* [Data to process]:
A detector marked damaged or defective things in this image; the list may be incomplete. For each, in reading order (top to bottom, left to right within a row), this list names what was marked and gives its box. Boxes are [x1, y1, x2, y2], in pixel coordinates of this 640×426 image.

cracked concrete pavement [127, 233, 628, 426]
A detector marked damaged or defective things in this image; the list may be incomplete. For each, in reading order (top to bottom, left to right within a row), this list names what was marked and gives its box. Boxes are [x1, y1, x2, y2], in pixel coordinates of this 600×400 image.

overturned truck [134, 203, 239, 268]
...
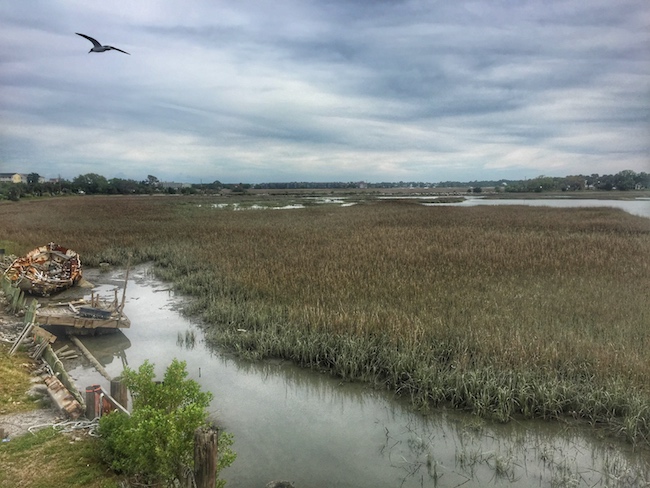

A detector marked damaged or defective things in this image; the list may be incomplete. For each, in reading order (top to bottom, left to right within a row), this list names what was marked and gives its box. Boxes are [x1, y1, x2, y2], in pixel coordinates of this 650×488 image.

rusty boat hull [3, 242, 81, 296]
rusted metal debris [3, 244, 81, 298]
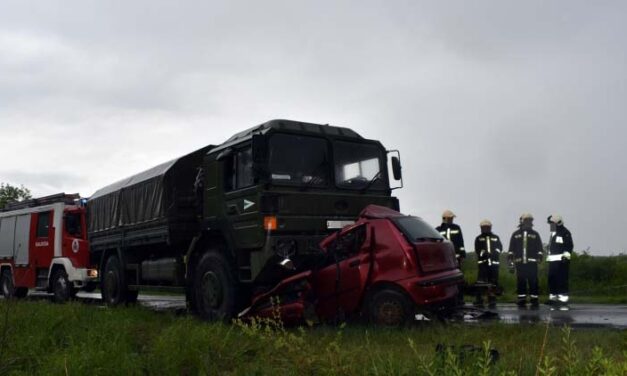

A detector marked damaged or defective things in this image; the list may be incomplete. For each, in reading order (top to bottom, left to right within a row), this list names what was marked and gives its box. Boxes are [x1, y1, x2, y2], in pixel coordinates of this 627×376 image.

* [What to work on]: With the pictures left out, write out exactly the lines above from the one containing "this 650×488 image." through the one containing "this 627×376 image.".

* [Response to the task]:
A detector marked damaged or defective things in this image; the list may be incomplete. For each, in reading order (top to bottom, left to right within a row), this list names what was marked and gives its box. Boxes are [x1, y1, x2, y2], in pixel coordinates of this 650×488 image.

rusty boat hull [3, 242, 81, 296]
rusted metal debris [3, 244, 81, 298]

A detector marked damaged or defective things in this image; the list may be incomplete. For each, in reading order (top to bottom, left to right within a row), this list names what was marked and gives its box. Boxes are [x1, y1, x2, y2], in pixel coordinates of this 627×376 image.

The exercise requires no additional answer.